Pan Stanislav kissed his father's hand, and told whom he had brought with him.
"I have long wished," said Pan Gideon, as he stepped from the carriage, "to do that to which grievous need has constrained me this evening, hence I bless the more ardently this chance which agrees with my wish so exactly."
"Various things happen to men, but this chance is for me now so happy, that with delight I beg you to enter my chambers."
Pan Serafin bowed for the second time, and gave his arm then to Pani Vinnitski; the whole company entered behind him.
The guests were seized straightway by that feeling of contentment which is felt always by travellers when they come out of darkness and cold into lighted, warm chambers. In the first, and the other apartments, fires were blazing in broad porcelain chimneys, and servants began to light here and there gleaming tapers.
Pan Gideon looked around with a certain astonishment, for the usual houses of nobles were far from that wealth which struck the eye in Pan Serafin's mansion.
By the light of the fires and the tapers and candles he could see in each apartment a furnishing such as might not be met with in many a castle: carved chests and bureaus and armchairs from Italy, clocks here and there, Venetian glass, precious bronze candlesticks, weapons from the Orient, which were inlaid with turquoise and hanging from wall mats. On the floors soft Crimean rugs, and on two long walls were pieces of tapestry which would have adorned the halls of any magnate.

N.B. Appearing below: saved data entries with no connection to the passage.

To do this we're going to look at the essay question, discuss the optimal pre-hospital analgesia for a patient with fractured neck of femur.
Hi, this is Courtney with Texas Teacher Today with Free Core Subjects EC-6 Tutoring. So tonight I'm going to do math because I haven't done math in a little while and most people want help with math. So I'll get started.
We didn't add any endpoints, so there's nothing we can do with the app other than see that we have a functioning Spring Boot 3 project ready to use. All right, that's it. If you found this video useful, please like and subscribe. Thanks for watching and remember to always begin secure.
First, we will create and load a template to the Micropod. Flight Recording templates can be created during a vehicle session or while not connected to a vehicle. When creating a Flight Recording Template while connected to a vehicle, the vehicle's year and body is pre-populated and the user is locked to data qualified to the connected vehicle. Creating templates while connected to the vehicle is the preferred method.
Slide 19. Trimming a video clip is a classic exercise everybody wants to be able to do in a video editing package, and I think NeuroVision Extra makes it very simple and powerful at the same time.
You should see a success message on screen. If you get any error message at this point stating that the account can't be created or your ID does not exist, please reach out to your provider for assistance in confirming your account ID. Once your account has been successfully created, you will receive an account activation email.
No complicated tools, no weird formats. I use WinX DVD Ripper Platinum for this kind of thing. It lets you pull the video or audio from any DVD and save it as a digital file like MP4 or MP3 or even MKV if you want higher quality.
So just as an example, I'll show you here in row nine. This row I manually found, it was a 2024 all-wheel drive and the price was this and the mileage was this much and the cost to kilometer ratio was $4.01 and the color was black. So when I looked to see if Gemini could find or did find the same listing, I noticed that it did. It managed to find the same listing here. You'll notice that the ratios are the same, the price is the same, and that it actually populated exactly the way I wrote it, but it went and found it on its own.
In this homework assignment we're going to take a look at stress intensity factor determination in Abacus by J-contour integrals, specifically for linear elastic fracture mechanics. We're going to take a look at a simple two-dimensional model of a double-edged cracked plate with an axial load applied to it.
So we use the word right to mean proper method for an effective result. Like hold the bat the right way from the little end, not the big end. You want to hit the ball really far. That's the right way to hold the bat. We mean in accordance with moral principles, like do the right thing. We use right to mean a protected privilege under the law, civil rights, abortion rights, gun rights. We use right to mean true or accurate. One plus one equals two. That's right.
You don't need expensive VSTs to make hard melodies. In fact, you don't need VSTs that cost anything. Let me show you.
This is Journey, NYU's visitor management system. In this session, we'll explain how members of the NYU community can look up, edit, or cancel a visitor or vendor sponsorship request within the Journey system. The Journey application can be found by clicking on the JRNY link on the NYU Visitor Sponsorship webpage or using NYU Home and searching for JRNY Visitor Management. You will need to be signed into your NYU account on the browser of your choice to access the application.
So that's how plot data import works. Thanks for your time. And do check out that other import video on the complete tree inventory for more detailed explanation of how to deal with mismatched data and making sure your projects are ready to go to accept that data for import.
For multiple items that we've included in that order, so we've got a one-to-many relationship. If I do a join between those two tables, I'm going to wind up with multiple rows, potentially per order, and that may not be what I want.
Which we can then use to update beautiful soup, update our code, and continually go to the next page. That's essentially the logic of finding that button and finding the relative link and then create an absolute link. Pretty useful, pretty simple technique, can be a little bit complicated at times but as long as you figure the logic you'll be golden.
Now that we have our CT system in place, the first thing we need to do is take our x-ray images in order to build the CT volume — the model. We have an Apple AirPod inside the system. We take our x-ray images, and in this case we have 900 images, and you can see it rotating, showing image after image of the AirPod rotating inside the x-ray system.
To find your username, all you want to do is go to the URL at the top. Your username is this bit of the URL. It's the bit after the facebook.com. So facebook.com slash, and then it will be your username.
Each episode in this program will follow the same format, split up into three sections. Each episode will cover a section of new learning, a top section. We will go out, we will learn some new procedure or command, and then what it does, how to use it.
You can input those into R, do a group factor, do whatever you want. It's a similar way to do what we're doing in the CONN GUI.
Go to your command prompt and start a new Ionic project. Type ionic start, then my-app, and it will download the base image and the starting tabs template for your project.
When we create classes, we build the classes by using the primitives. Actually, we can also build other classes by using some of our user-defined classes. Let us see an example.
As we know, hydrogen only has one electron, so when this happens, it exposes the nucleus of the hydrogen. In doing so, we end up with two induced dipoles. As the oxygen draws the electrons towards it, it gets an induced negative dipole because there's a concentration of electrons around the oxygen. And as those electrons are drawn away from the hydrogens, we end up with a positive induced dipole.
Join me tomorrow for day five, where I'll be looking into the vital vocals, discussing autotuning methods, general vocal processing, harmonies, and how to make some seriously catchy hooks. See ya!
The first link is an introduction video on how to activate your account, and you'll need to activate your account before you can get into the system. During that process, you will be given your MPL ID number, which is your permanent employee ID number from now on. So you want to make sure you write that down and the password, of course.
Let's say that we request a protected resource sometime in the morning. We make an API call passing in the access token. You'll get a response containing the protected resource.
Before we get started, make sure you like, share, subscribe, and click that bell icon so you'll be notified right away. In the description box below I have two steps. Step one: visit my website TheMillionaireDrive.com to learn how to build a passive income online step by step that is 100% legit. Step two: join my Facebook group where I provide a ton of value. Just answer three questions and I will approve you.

"These came to them from trade," thought Pan Gideon, with well-defined anger, "and now they can turn up their noses and boast of wealth won not by weapons."
But Pan Serafin's heartiness and real hospitality disarmed the old noble, and when he heard, somewhat later, the clatter of dishes in the dining-hall near them, he was perfectly mollified.
To warm the guests who had come out of cold they brought heated, spiced wine immediately. They began then to discuss the recent peril. Pan Gideon had great praise for Pan Stanislav, who, instead of sitting in a warm room at home, had saved people on the highroad without regarding the terrible frost, and the toil, and the danger.